In order to decide the instant motion, the Court must determine whether Defendant has met its burden to show that LMRA preemption applies. See Emrich, 846 F.2d at 1195. As both parties acknowledge, the two-part test set forth in Burnside v. Kiewit Pac. Corp., 491 F.3d 1053, 1059-1060 (9th Cir. 2007) provides the relevant framework for determining whether a cause of action is preempted by Section 301 of the LMRA. Opp'n at 13; Reply at 1. At the first step of Burnside, the court asks whether the “asserted cause of action involves a right conferred upon an employee by virtue of state law, ” independent of a CBA. 491 F.3d at 1059. If the right exists solely because of the CBA, then the claim is preempted, and the analysis ends there. Id. However, if the right does not exist solely because of the CBA, the court moves onto step two: deciding whether the claim “substantially depends” on an interpretation of a CBA. Id. “If such dependence exists, then the claim is preempted by Section 301; if not, then the claim is left to state courts to handle in accordance with state law.” Id. at 1059-1060.

Here, Defendant contends that Plaintiffs' claims are preempted at both steps of Burnside. Opp'n at 13-17. The Court disagrees. As to the first step, Defendant argues that the rights underlying Plaintiffs' claims are conferred by the CBA rather than state law. Id. at 13-14. Defendant rests this argument principally upon allegations in the original complaint regarding Plaintiff Anyanwu's grievance with the Union. Id. According to Defendant, the Court should draw the conclusion from the allegations of Plaintiff Anyanwu's grievance process that Plaintiffs' claims are grounded in the provisions of the CBA. Id. As Defendant contends: “If Plaintiff's claims did not implicate the CBA, then Plaintiff Anyanwu would not have initiated the grievance and arbitration procedure.” Id. at 13.

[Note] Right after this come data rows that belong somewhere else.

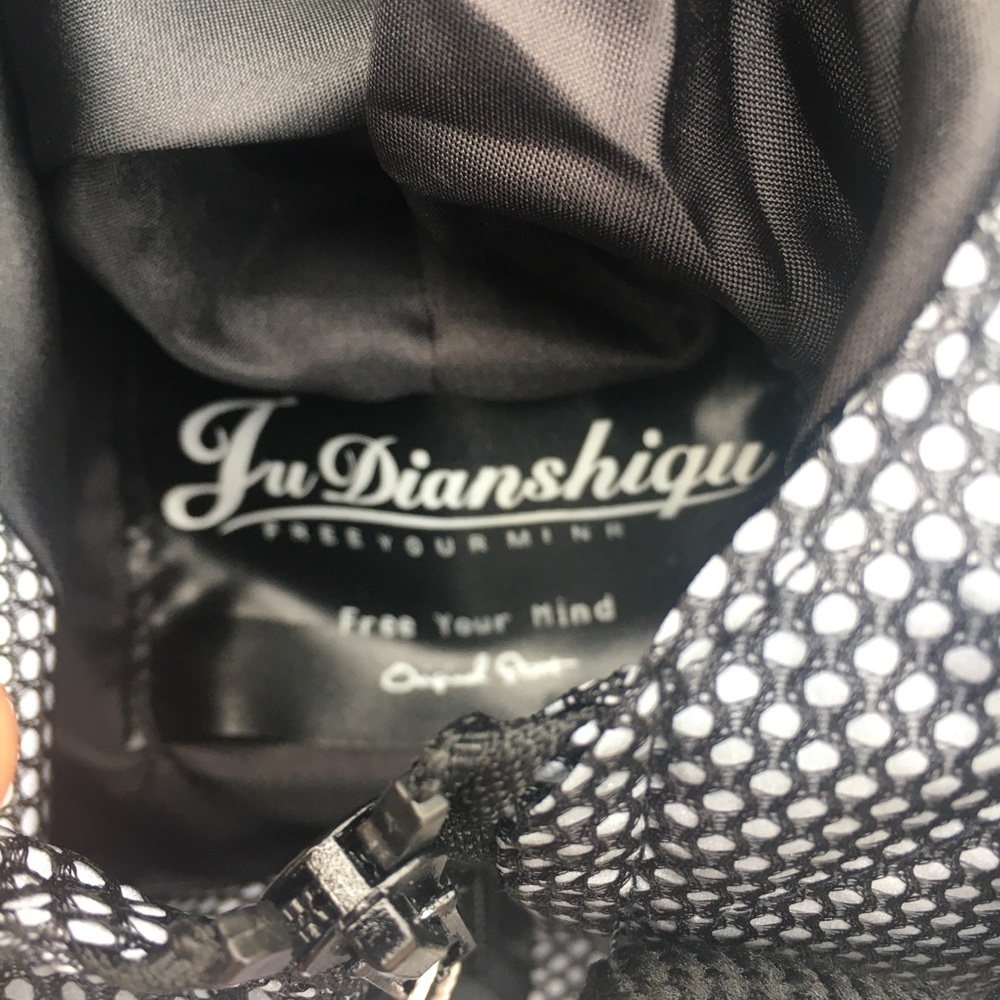 Reflective Jacket - Picture 4 of 7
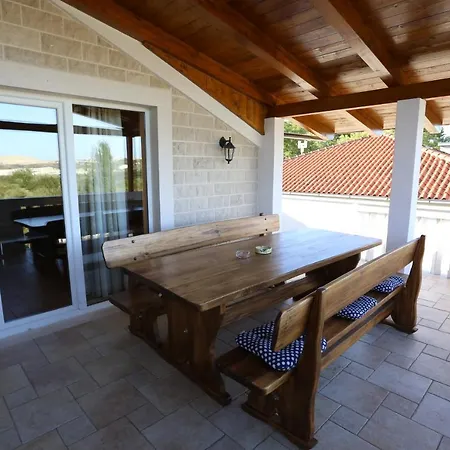 Apartment Beach Split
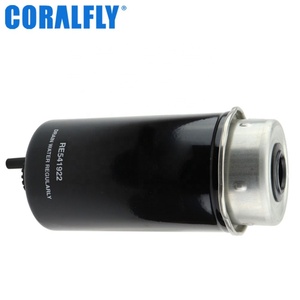 Filtro Separador de Agua y Combustible para Tractor Personalizable RE541922 FS19748 FS20076 P551433 BF9891-D Nuevo para John Deere - Product Image 2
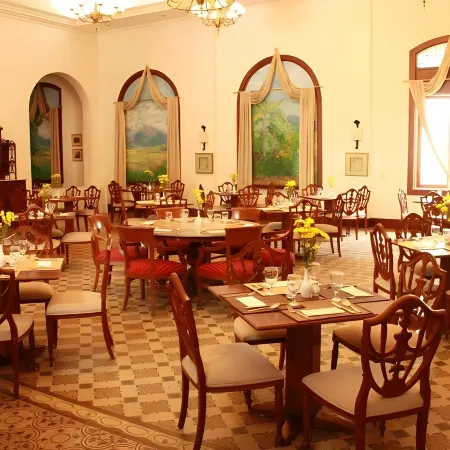 Kresna Hotel Wonosobo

The Court briefly notes the parties' additional dispute as to whether equity bars Plaintiff Anyanwu's claims. Opp'n at 10-12; Reply at 4-5. Plaintiffs contend that because Anyanwu did not begin the arbitration process, her claims are not barred by equity. Reply at 4-5. Defendant insists otherwise. Opp'n at 10-12. Because the Court finds LMRA preemption does not apply and therefore it does not have subject matter jurisdiction over this action, the Court does not reach the equity issue.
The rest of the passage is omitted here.